The fashion industry has for a long time functioned like a secret club: insiders privy to new trends and forecasts long before the general public. With recent technology this gap has been closed, allowing live streaming of shows and designs accessible to the global public within minutes. In one sense, it has never been so easy to be on trend. The Victoria and Albert Museum (V&A Museum) in London isn’t satisfied with this sort of thinking though; to them, nothing compares with seeing the thing itself live. Hence the beginning of Fashion in Motion
A program dedicated to recreating fashion shows within the museum — open to all who should want to attend a live show —their most recent project was for London-based designer Peter Jensen to mark his brand’s 10-year anniversary. The catwalk featured Jensen’s signature bold, inspired, and playful designs, including those that have been worn by the likes of Dakota Fanning and Drew Barrymore. Working hands on with the V&A Museum, Jensen and museum staff compiled a catwalk show exhibiting the designers most remarkable and memorable pieces, while also pulling items from his most recent collection as well as accessories and collaborative pieces.
In conversation with Jensen about the curated show, the designer talks of his many sources of inspiration including tabloid figure Tanya Harding and the 1970s waif Shelley Duvall. “Each season we have a different muse, someone a bit different, someone interesting,” says Jensen.
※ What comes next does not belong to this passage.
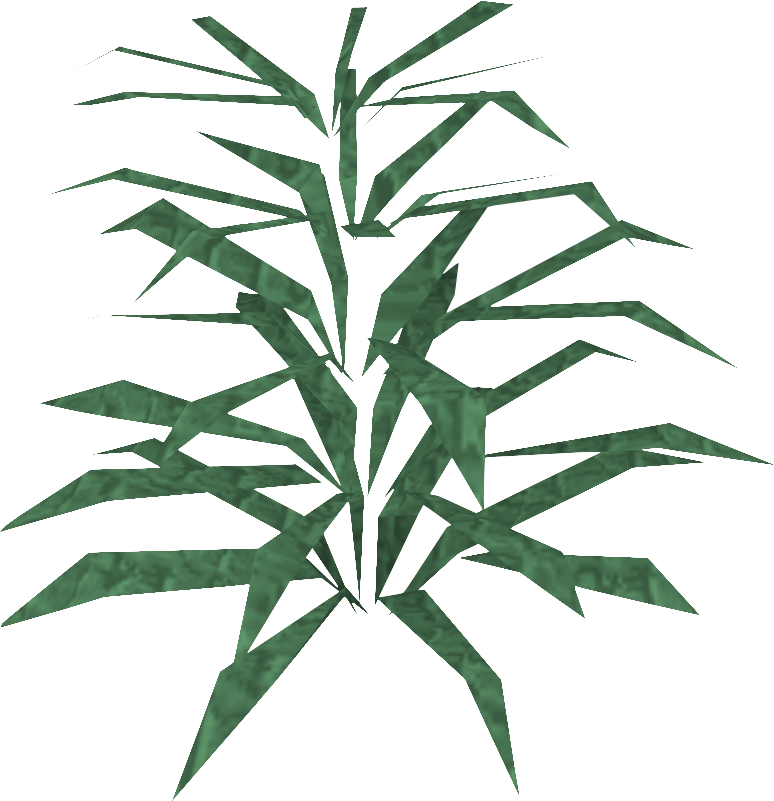 Rosemary Transparent Images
It’s evident from his praise for his show’s host that the designer feels honoured to be Fashion in Motion’s recent featured subject. “I have always loved the museum, having first visited on a school trip to London from Denmark as a child,” he shares. It is a truly inspiring place and one that I have always dreamt of being locked in after hours or for a whole weekend without anyone else about.”
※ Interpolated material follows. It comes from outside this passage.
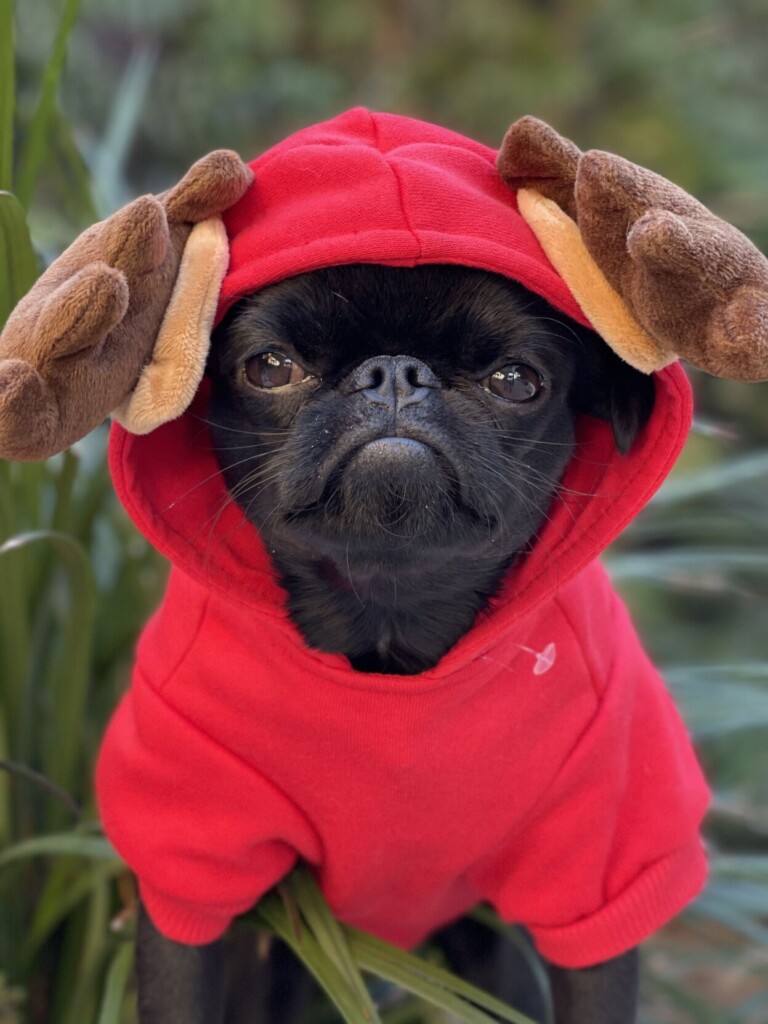 2024 Holiday Gift Guide For Pets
Conceived in 1999 by museum curator Claire Wilcox, her passion project was born out of a desire to break standard museum practices — i.e. keeping clothing on display upon static mannequins shown under low light, all so as to preserve the garments — and show fashion as it is meant to be seen: in motion. So she began recruiting contemporary fashion designers to showcase their own pieces within the museum. “Initially she started out with just two models and several Phillip Treacy hats,” recalls current V&A Museum Curator of Fashion in Motion, Oriole Cullen. “The girls just wandered around the Museum galleries so that the visitors could happen upon them. As the program grew it became increasingly popular, and due to the number of visitors, it had to be moved to a static space. Now we do four shows in one day with a seated audience of 400 at each show.”
Overall, the response of the fashion community has been extremely positive: designers are very happy to be approached and to take part. When approached they are then invited to decide the agenda. It is not necessarily a retrospective, but in the past presentations like this have been the norm, a fact that the V&A Museum curator is quite excited about. “When they do chose to do a retrospective its always fascinating to see their body of work all in one show,” she says. “The designers themselves often remark how revealing it is for them to go through their archives and revisit previous collections.” In essence, the museum isn’t just bringing fashion inspiration to the public, but to the designers themselves.
Public reach is something the museum has not taken for granted. On board with current trend in uploading major fashion shows to the World Wide Net, Fashion in Motion too can be seen streaming live on the internet with featured collections including Christian Lacroix , Jean Paul Gaultier, Roksanda Ilincic, Yohji Yamamoto, Alexander McQueen, Erdem, Gareth Pugh, and Vivienne Westwood.
It’s obvious to see amongst the pack Britain’s most prominent fashion names accounted for with more to be revealed, a goal of the museum, shares Cullen. “While we like working with international designers, we are very keen to promote the wonderful design work that is going on in this city,” says the curator. “We are incredibly lucky to have such a rich array of fashion talent on our doorstep.”
And for the museum, it’s all about sharing this wealth of fashion, specifically making high fashion accessible to a wider demographic of the population through online, but also its visitors who are invited without cost to physically experience the sound, the atmosphere, and the sense of anticipation that characterizes a live runway show.